La participation d’Hagmaël au programme de Pleins Rayons a aussi ses avantages pour sa mère. « Sa première journée complète [chez Pleins Rayons], c’était ma première journée off en dix ans, souligne Josée Grenier. Je ne me souvenais plus c’était quoi avoir du temps pour moi ! »

FAIRE DES PETITS AILLEURS AU QUÉBEC

Parce qu’il n’est pas reconnu comme un organisme communautaire par le Centre intégré de santé et de services sociaux de l’Estrie, Pleins Rayons est exclu du Programme de soutien aux organismes communautaires (PSOC) ; il n’a donc pas droit à des subventions. 

« Même si je fais faire beaucoup plus que des colliers en pop corn aux jeunes et que je suis plus efficace qu’un CRDI [NDLR : centre de réadaptation en déficience intellectuelle] », clame son fondateur Stephan Marcoux.

L’OBNL a toutefois le statut d’organisme de bienfaisance, ce qui lui permet de recevoir des dons et de remettre des reçus d’impôt. Il se finance également grâce à ses projets d’économie sociale et à des contributions de la part de divers partenaires.

Actuellement, Pleins Rayons opère avec un budget annuel de 210 000 $, qui défraie le salaire des quatre employés-éducateurs, le coût des matériaux à acheter, la location de ses locaux de la rue du Sud et les assurances. « Idéalement, pour bien fonctionner, ça nous prendrait 250 000 $, explique M. Marcoux. Et d’ici quelques années, on aura grossi et notre budget sera du double. »

Car Stephan Marcoux ne s’en cache pas : il aimerait bien voir son projet faire des petits partout au Québec. Il dit avoir déjà été approché en ce sens.
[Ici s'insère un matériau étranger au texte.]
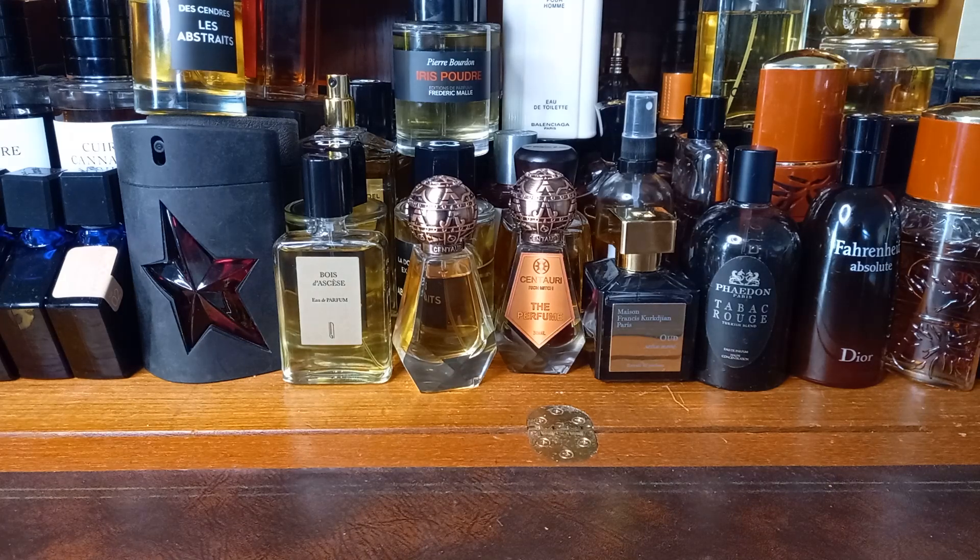Excuse me whilst I hydrate. I haven't actually bought any perfumes this year so far. The year is 2023 if you're watching this in future, and the date is only the 12th. It's not even two weeks old. But that's not bad.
« Il faut arrêter de dire à ces gens-là qu’ils ne pourront jamais rien faire de leur vie, martèle-t-il. Il faut envoyer le message que les gens avec une déficience ont quelque chose à offrir. »

Selon lui, le système actuel, en plus d’être surchargé, envoie le message que les personnes différentes « prennent de la place au lieu de prendre leur place ». « Ce que je veux, c’est leur donner un rôle social actif, leur donner de vraies responsabilités qui ont un impact positif dans la communauté, pas simplement leur faire passer le temps », dit-il.

« Je suis le gars le plus riche du monde, ajoute le dirigeant de l’organisme. Pas parce que je suis riche, mais parce que tous les jours, je suis entouré de gens qui ont un cœur d’or. »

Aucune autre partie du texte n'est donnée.